05/20/2026: Wherever “There” Is
I’m busier than I’ve been in a long time. With so many potential futures before me, it’s hard to know which path will lead me forward first.
In this whirlwind of possibilities, I’m trying to remember what I set out to do, to take the necessary chances I need to take in order to thrive for the first time in my life. I just don’t want that to fall to the wayside, no matter what I end up doing in the meantime. I feel like a broken record, but each day is: wake up, quietly panic, silently hope, and tirelessly work until I wake up and do it all again.
I’m grateful for the opportunities I’ve received this month, though, and I hope they can be a stepping stone that launches me in the right direction. This is just another “rise and grind” chapter of my life, I suppose, but it’s a little more challenging this time around; I won’t settle for just any opportunity, any chance to make it in the world. And unfortunately that just takes more patience and more time, to hold out for something truly great that’s aligned with my ambitions and my identity.

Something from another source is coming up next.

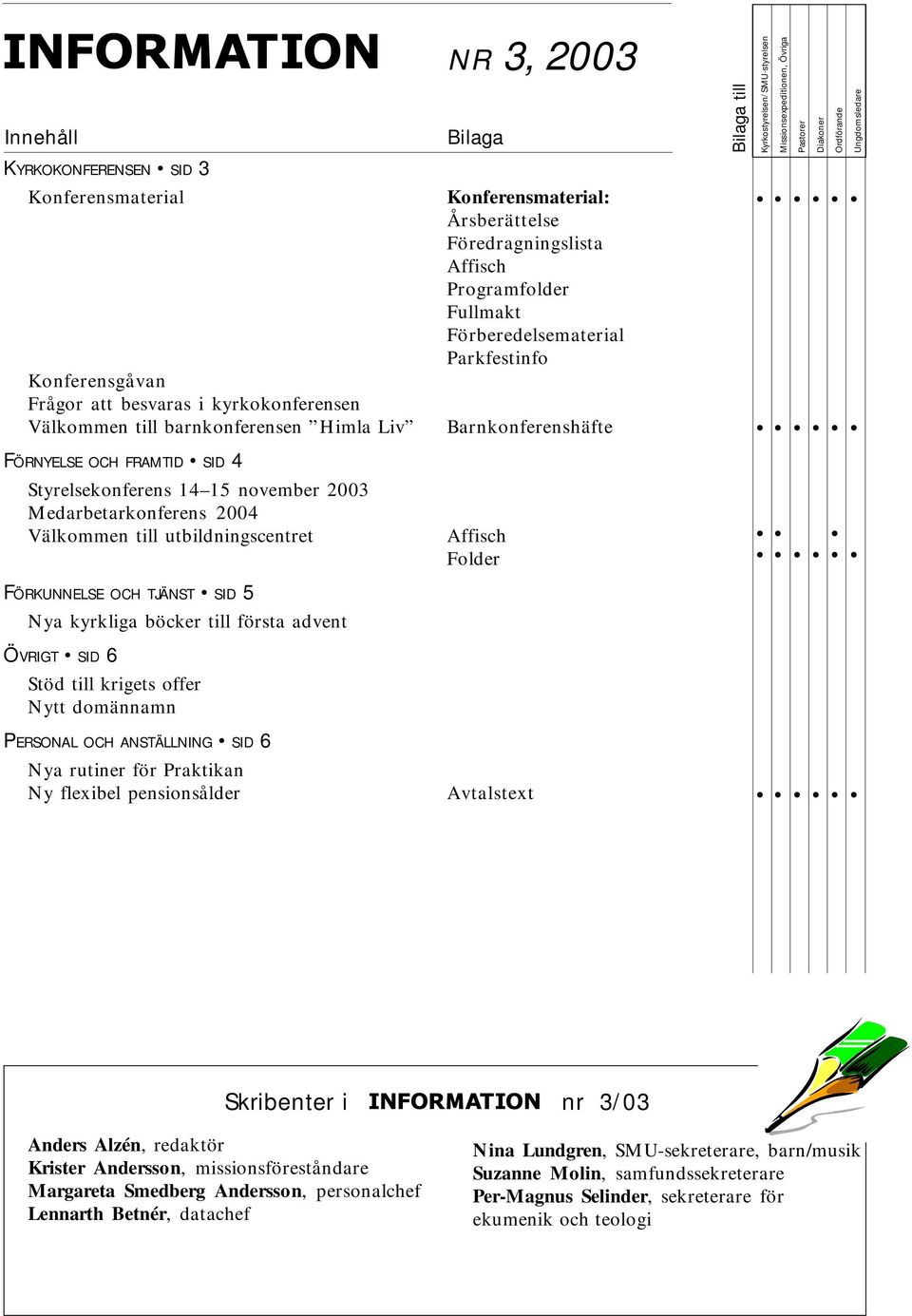 PERSONAL OCH ANSTÄLLNING SID 6 Nya rutiner för Praktikan Ny flexibel pensionsålder nr 3, 2003 Bilaga Konferensmaterial: Årsberättelse Föredragningslista Affisch Programfolder Fullmakt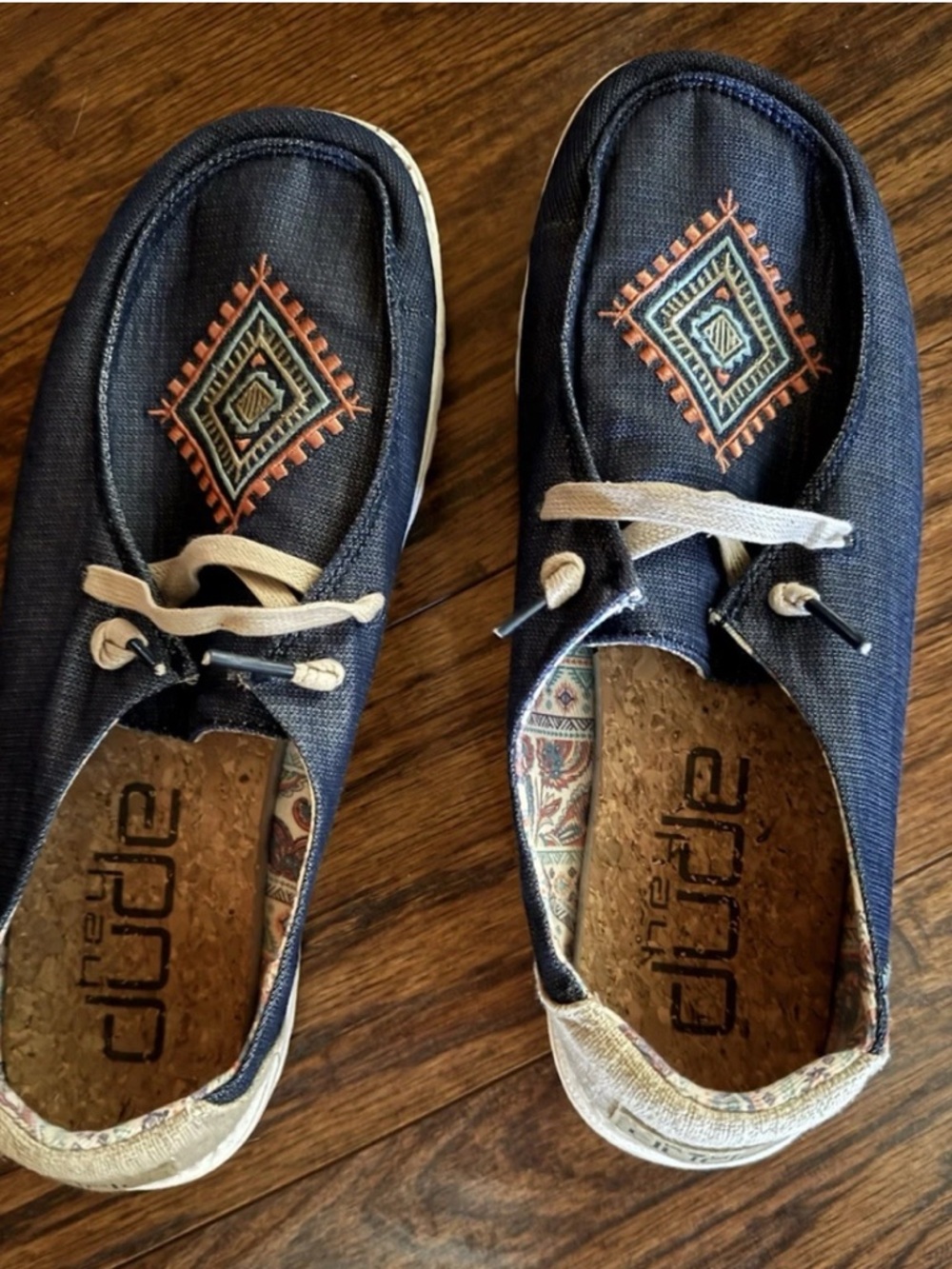 Hey Dude Navy Blue Embroidered Slip-On Flats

So I’ll keep hurrying up and waiting, and I won’t stop until I’m there, wherever “there” is. I’m told constantly that I’m too hard on myself, and I know that it’s true. It’s always been true, for as long as I can remember. But somewhere beneath that pressure that emanates from the surface is a strong-willed and determined girl who knows she wouldn’t be her if it was any other way, who has created a lot of diamonds in her lifetime.
They say if you want a job done, give it to a busy person, and I agree. It seems that the more I have on my plate, the more effort I put in—I guess that’s the inevitable result of filling said plate full, but the saying still carries weight. I don’t know who I am when I’m not working toward something worthwhile, and I know I would be lost if I didn’t set my course for a meaningful direction.
The quote about the pessimist, the optimist, and the realist always comes to mind when things are challenging and when times are hard, and there are times where I struggle with being all three. Sometimes I don’t have any positive thoughts at all, and giving up sounds easy and good. Other times I have too much hope that my circumstances will change even though I still haven’t put forth the effort to make them change. Other times I understand that the realist is the only one who can adjust their sails, who can put in the work whether it’s easy or it’s hard, ever-adapting and rising to the occasion no matter what it may be. I’ve adjusted many sails as of late, but at least I’m floating along, ready for anything that comes my way.
So bring it on wind and rain, come on sunshine and smooth sailing, and give me strength for everything in between.